_About this task:_ At the line containing "Item preview, Maine", begin retyping, and stop after the last line of the data; add nothing.

Data extracted from a collection:
++++++++++++++++++++

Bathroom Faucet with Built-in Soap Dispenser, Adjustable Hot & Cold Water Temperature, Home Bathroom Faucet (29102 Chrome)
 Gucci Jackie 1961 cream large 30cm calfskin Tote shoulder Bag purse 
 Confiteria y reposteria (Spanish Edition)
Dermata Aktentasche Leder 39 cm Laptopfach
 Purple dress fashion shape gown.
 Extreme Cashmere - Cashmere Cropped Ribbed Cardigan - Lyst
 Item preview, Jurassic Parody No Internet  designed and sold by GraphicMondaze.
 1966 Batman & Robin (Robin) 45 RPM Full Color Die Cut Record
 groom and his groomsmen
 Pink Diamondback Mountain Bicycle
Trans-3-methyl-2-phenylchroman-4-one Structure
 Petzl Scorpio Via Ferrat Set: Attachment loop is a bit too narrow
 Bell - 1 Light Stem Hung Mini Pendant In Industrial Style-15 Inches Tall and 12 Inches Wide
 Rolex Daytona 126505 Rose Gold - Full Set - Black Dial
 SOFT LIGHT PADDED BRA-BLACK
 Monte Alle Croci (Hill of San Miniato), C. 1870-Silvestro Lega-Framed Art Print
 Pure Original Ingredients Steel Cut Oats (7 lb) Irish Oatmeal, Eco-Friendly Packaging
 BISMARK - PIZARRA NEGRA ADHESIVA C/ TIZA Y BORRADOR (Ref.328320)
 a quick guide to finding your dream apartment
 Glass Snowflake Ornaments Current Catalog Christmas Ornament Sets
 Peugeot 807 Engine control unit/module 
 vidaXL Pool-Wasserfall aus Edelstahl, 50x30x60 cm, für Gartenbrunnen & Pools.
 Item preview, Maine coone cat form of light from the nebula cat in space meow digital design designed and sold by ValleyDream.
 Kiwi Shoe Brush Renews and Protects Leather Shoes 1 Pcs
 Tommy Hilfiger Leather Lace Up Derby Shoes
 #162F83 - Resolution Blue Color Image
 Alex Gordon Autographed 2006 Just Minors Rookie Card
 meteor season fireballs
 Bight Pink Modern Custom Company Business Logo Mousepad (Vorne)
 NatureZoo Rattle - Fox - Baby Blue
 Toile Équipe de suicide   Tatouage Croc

++++++++++++++++++++

_Answer box:_
 Item preview, Maine coone cat form of light from the nebula cat in space meow digital design designed and sold by ValleyDream.
 Kiwi Shoe Brush Renews and Protects Leather Shoes 1 Pcs
 Tommy Hilfiger Leather Lace Up Derby Shoes
 #162F83 - Resolution Blue Color Image
 Alex Gordon Autographed 2006 Just Minors Rookie Card
 meteor season fireballs
 Bight Pink Modern Custom Company Business Logo Mousepad (Vorne)
 NatureZoo Rattle - Fox - Baby Blue
 Toile Équipe de suicide   Tatouage Croc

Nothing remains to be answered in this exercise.